Task prompt
Only the final stretch of lines is needed: output exactly the line containing "this 960×640 image." and all lines following it in the listing below.

Stored data
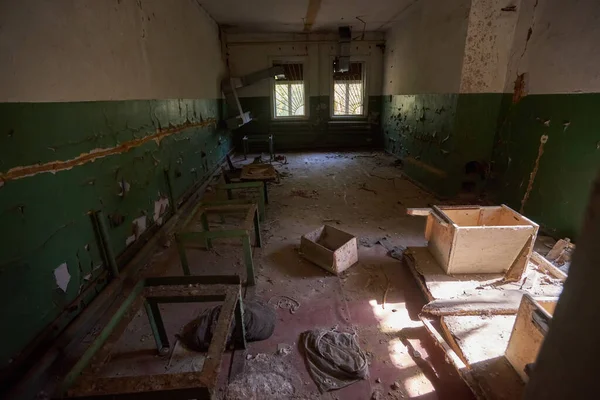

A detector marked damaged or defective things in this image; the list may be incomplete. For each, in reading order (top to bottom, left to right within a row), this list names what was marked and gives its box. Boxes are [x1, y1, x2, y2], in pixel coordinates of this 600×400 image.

broken furniture [221, 65, 284, 128]
broken furniture [241, 134, 274, 160]
damaged wall [224, 32, 384, 149]
damaged wall [490, 0, 600, 238]
damaged wall [0, 0, 230, 382]
broken furniture [214, 182, 264, 222]
broken furniture [172, 202, 258, 286]
broken wooden crate [298, 225, 356, 276]
broken furniture [298, 225, 356, 276]
broken wooden crate [408, 205, 540, 280]
broken furniture [408, 205, 540, 280]
broken furniture [56, 276, 244, 400]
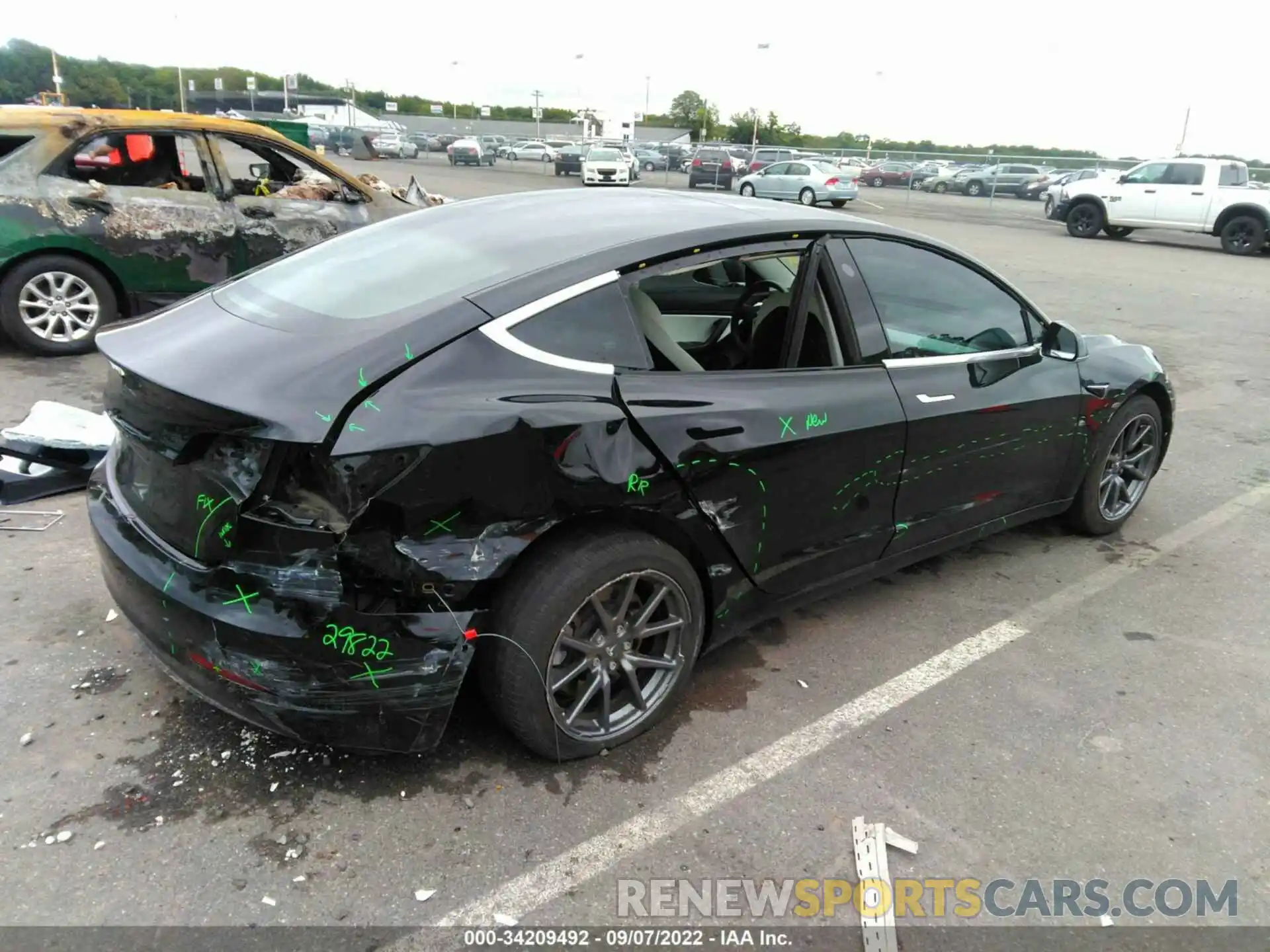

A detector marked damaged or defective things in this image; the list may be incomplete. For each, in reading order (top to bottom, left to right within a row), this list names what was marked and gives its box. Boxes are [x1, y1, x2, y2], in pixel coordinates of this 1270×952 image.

burned car wheel [0, 255, 118, 355]
burned green suv [0, 105, 427, 358]
rusted vehicle body [0, 105, 427, 358]
damaged rear quarter panel [327, 333, 741, 606]
crumpled rear bumper [85, 464, 480, 762]
burned car wheel [482, 530, 706, 762]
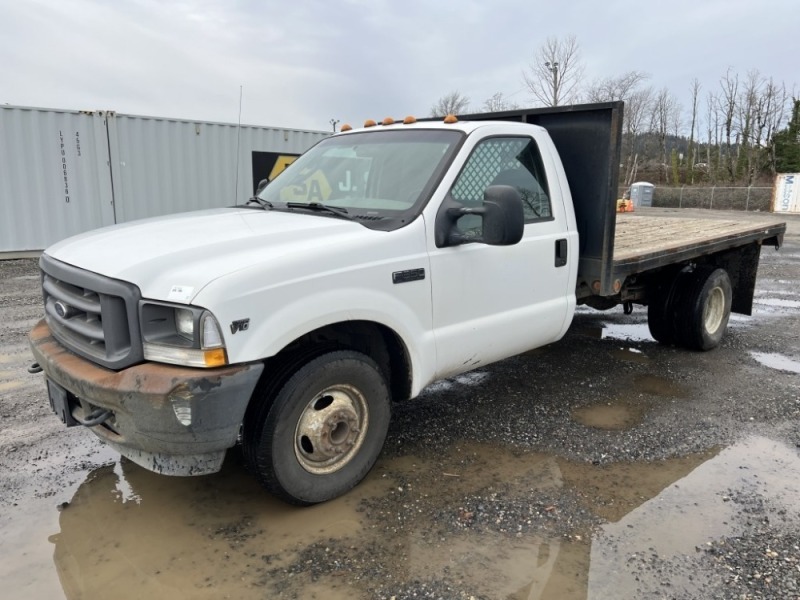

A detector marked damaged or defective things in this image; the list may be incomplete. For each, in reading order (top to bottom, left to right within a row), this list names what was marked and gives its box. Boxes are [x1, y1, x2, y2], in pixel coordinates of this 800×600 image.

rusty front bumper [29, 322, 264, 476]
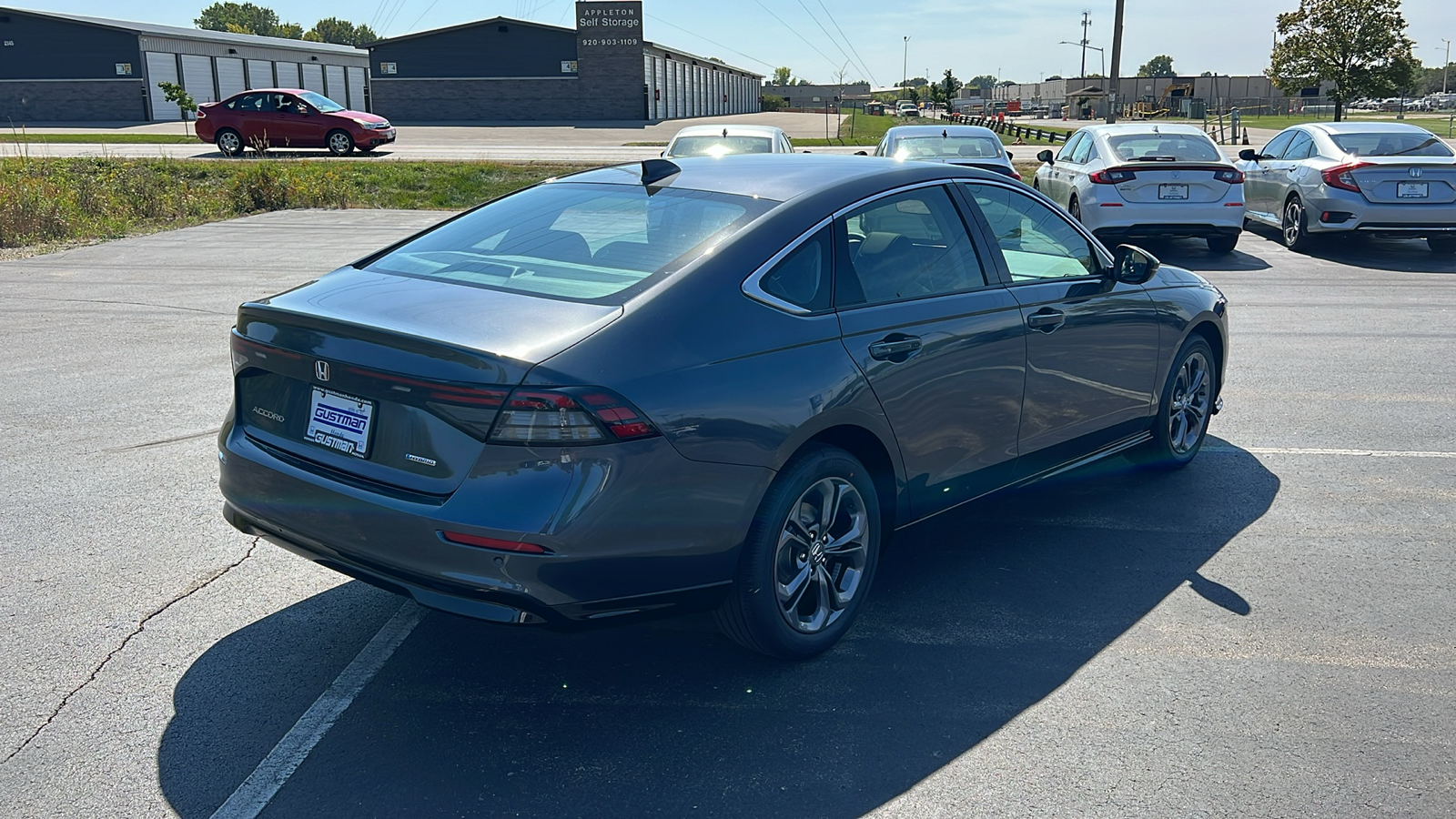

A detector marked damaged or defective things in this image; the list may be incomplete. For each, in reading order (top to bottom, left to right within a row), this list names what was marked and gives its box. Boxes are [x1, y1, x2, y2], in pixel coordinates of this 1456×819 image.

crack in asphalt [1, 539, 262, 763]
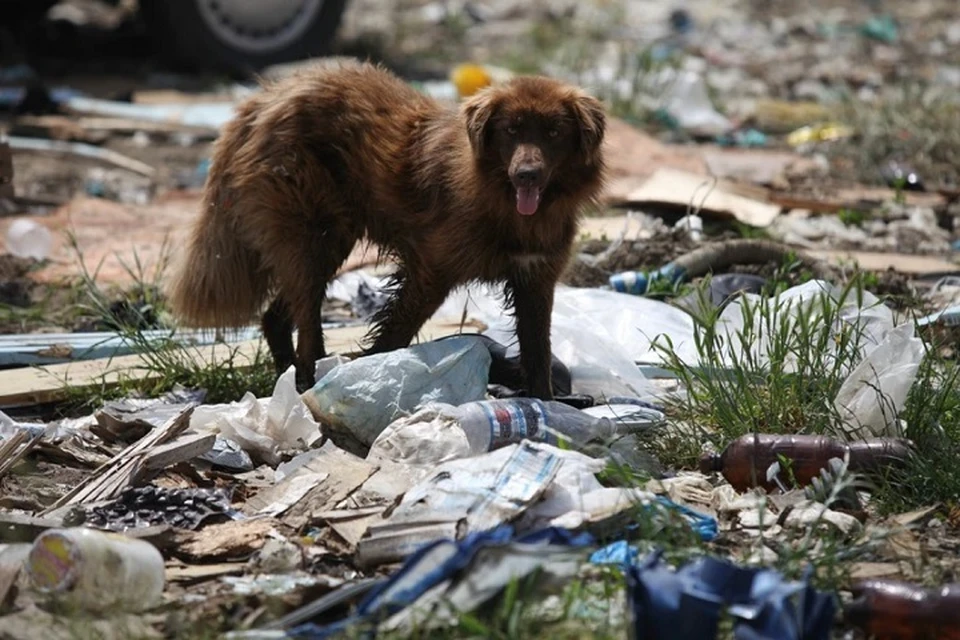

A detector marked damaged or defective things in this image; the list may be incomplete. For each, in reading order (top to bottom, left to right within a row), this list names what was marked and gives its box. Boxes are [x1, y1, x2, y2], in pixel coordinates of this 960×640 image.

splintered wood [40, 404, 197, 516]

Reply
A detector marked damaged or defective things in this image; the list may be incomplete. For each, in reading order (top to bottom, left to right within a row), this list names what was marked and gives its box. Boxes are [x1, y1, x2, y2], in pixel coordinates of this 960×640 image.

splintered wood [40, 404, 197, 516]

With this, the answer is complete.